Computational Thinking

The mission of the Carnegie Mellon Center for Computational Thinking is “to advance computing research and advocate for the widespread use of computational thinking to improve people’s lives.”  Jeanette Wing, the center’s director, has a vision for the 21st century whereby computational thinking is as fundamental to education as reading, writing and arithmetic.
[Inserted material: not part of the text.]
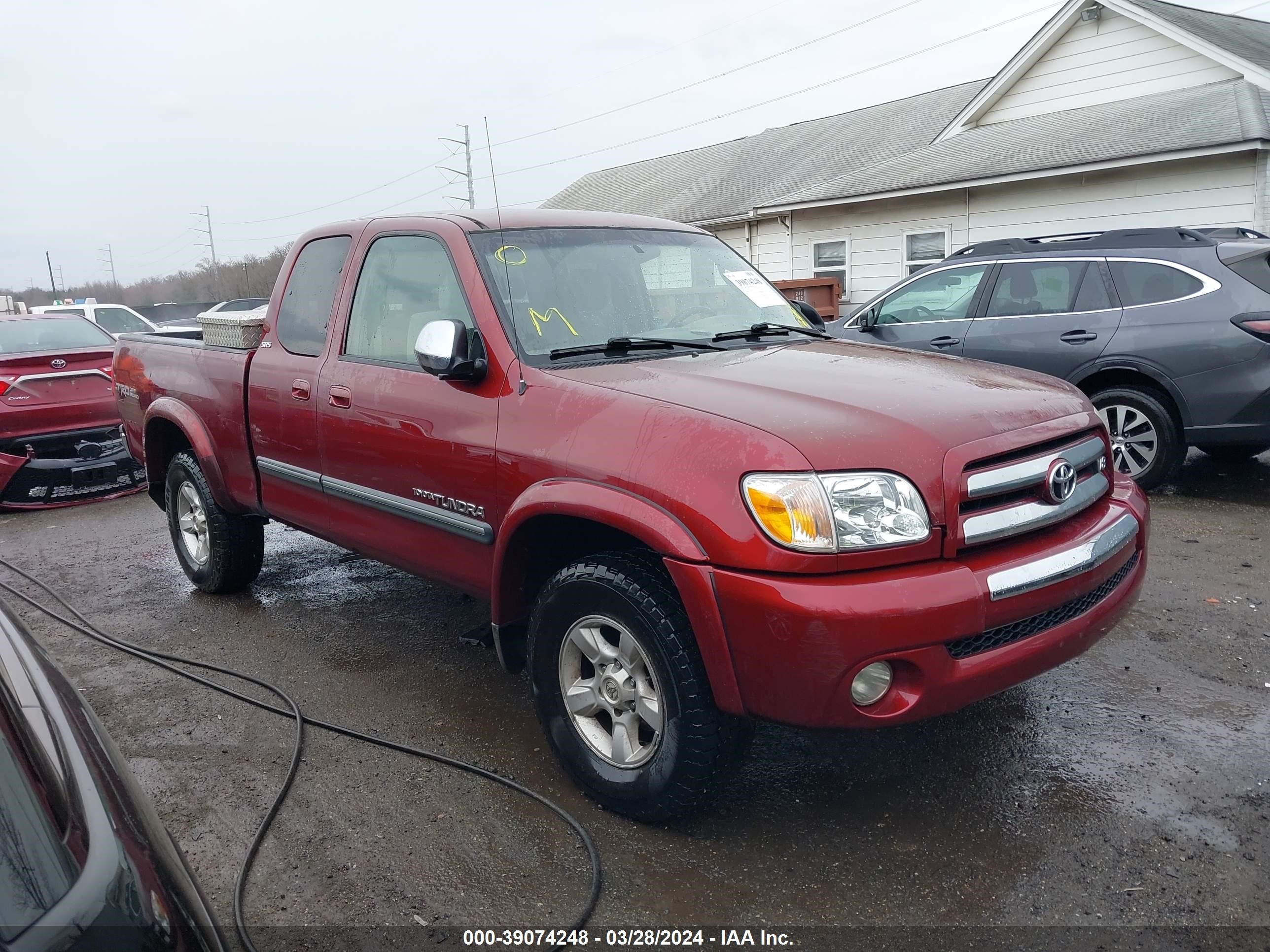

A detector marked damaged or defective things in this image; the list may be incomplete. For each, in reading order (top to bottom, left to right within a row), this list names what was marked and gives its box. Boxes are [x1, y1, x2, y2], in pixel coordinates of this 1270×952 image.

Wing describes computational thinking as a way of solving problems, designing systems and understanding human behavior using techniques from computer science such as algorithms, recursion, abstraction, decomposition, modularization, caching, redundancy, error correction, contracts interfaces, heuristic reasoning.  While these techniques may seem too technical to be practical beyond computer programming, Wing includes everyday examples:

When your daughter goes to school in the morning, she puts in her backpack the things she needs for the day; that’s prefetching and caching. When your son loses his mittens, you suggest he retrace his steps; that’s back-tracking. At what point do you stop renting skis and buy yourself a pair?; that’s online algorithms. Which line do you stand in at the supermarket?; that’s performance modeling for multi-server systems. Why does your telephone still work during a power outage?; that’s independence of failure and redundancy in design.

(see: J.M. Wing Computational Thinking CACM, vol. 49, no.3 March 2006, pp. 33-35.)